Dort steht Michel Ronen, ein 36-jähriger Aargauer mit wachem, freundlichem Blick. Er koordiniert das Likrat-Projekt. «Wir haben es leider regelmässig mit Vorurteilen zu tun. Aber wenn wir erklären, dass jemand aus Brooklyn, New York, einen Wanderweg nicht von einem Biketrail zu unterscheiden weiss, weil er beides noch nie gesehen hat, wird das verstanden. Diese Konflikte können wir nur im Dialog bewältigen.» Wir begleiten Salvina, eine 18-jährige Vermittlerin, auf das Jakobshorn. Am Schalter zeigt sie ihren Gutschein für die Fahrkarte vor und sagt, sie sei von Likrat. «Ich wäre froh, ihr wärt heute Morgen schon hier gewesen!», sagt die Verkäuferin. Sie zeigt auf ihrem Handy Fotos von Orthodoxen, die auf dem Biketrail bergwärts spazieren, und bittet darum, deren Glaubensgenossen von solchen Abenteuern abzuhalten. Im Weggehen fragt sich Salvina, ob sie nun sämtliche Orthodoxe, die sie antrifft, präventiv darauf ansprechen solle: «Das wäre ja auch irgendwie schräg.»
Andere Bräuche
Während wir auf die Abfahrt der Seilbahn warten, erzählt Salvina, warum sie für Likrat tätig ist: «Es ist mir wichtig, gegen Missverständnisse und Vorurteile anzutreten.» Bereits am ersten Tag ihres Aufenthalts, auf einer Busfahrt in Saas-Grund VS, hatte sie erlebt, warum das bitter nötig ist: «Der Busfahrer fuhr einfach an der Haltestelle vorbei, an der lauter Orthodoxe warteten. Eine der Frauen im Bus rief hämisch: ‹Die mit den Zöpfen nehmen wir nicht mit!› Wenn ich nur einen von diesen Leuten zum Nachdenken bringen kann, hat sich mein Einsatz schon gelohnt.» Auf dem Rückweg sprechen wir einen Mitarbeiter der Seilbahn an. Er erzählt leicht genervt, dass er jeweils zuerst die Biker mit ihren Velos einsteigen lasse, was immer wieder Orthodoxe dazu bringe, den Warteraum zu verlassen und den Zugang der Biker zu nehmen. Er zeigt uns einen Zettel an der Tür: «Wir bitten um Verständnis, dass wir zuerst die Bikes in die Kabine verladen», steht darauf. Wir wollen wissen, wie ein Tourist aus Belgien den Text verstehen solle. Der Mann behauptet, man müsste das alles auch so begreifen. Und dass die Juden neuerdings alle freundlich grüssten, sei «schon fast wieder penetrant.»

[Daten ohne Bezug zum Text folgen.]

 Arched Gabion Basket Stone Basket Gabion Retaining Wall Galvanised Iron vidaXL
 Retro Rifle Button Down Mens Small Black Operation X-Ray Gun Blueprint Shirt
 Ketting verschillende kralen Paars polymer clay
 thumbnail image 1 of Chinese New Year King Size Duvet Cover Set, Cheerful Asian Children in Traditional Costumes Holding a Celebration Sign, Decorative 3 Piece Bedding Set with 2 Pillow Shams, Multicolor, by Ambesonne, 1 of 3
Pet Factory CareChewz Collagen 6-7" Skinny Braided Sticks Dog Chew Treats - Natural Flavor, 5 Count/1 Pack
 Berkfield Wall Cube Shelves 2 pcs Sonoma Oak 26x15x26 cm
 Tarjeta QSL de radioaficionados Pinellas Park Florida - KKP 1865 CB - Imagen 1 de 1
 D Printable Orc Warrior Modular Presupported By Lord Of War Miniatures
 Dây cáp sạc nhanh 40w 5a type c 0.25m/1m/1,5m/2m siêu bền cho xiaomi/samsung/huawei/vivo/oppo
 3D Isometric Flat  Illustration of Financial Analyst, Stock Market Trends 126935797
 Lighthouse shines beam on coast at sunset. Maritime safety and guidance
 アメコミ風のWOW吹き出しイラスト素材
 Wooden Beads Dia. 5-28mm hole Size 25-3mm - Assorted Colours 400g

Es scheint, als würde gegenüber jüdischen Menschen ein strengerer Massstab angewendet: Wenn ein Nichtjude eine leere PET-Flasche in die Wiese wirft, hat er einfach schlechte Manieren. Wenn ein Jude es tut, ist es sofort «typisch». Grüsst er nicht, ist er unfreundlich. Grüsst er, ist er penetrant. Ein 32-jähriger Mann aus Zürich, mit dickem schwarzem Mantel und ovaler Brille, bestätigt das: «Ich war vorgestern allein im Bus, und eine Familie war sehr laut. Wie Kinder eben sind. Der Fahrer sagte kein Wort. Gestern war ich mit meinen Kindern unterwegs, und derselbe Fahrer herrschte mich an, wir seien viel zu laut und würden alles schmutzig machen.»

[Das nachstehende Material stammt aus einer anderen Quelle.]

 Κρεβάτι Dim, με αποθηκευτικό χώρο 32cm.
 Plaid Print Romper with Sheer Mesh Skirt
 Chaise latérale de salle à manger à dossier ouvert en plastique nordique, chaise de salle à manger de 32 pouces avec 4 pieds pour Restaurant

Kluft in Israel ist viel grösser
Früh am nächsten Morgen besuchen wir den ersten Gottesdienst des Tages in der Davoser Synagoge. Alte, sehr alte und ein paar junge Männer kommen herein, wickeln einen Lederbändel um den Arm, legen einen Schal über den Kopf, schlagen einen Siddur auf, die zu Hunderten im Regal stehen, und beginnen ihr persönliches Gebet. Im Eingang liegt eine Broschüre auf: «Rules for a pleasant holiday in Davos and respecting the local residents». Auf Englisch steht darin: «Die Schweizer Lebensart ist ruhig und gelassen. Bitte erheben Sie nicht Ihre Stimme im öffentlichen Raum. Es ist üblich, zu grüssen. Sagen Sie Hello oder Grüezi.» Zudem wird darauf hingewiesen, dass Littering als «highly rude» empfunden werde, als höchst unhöflich, und dass Fussgängerstreifen dazu da seien, die Fahrbahn an dieser Stelle zu überqueren und nirgendwo sonst.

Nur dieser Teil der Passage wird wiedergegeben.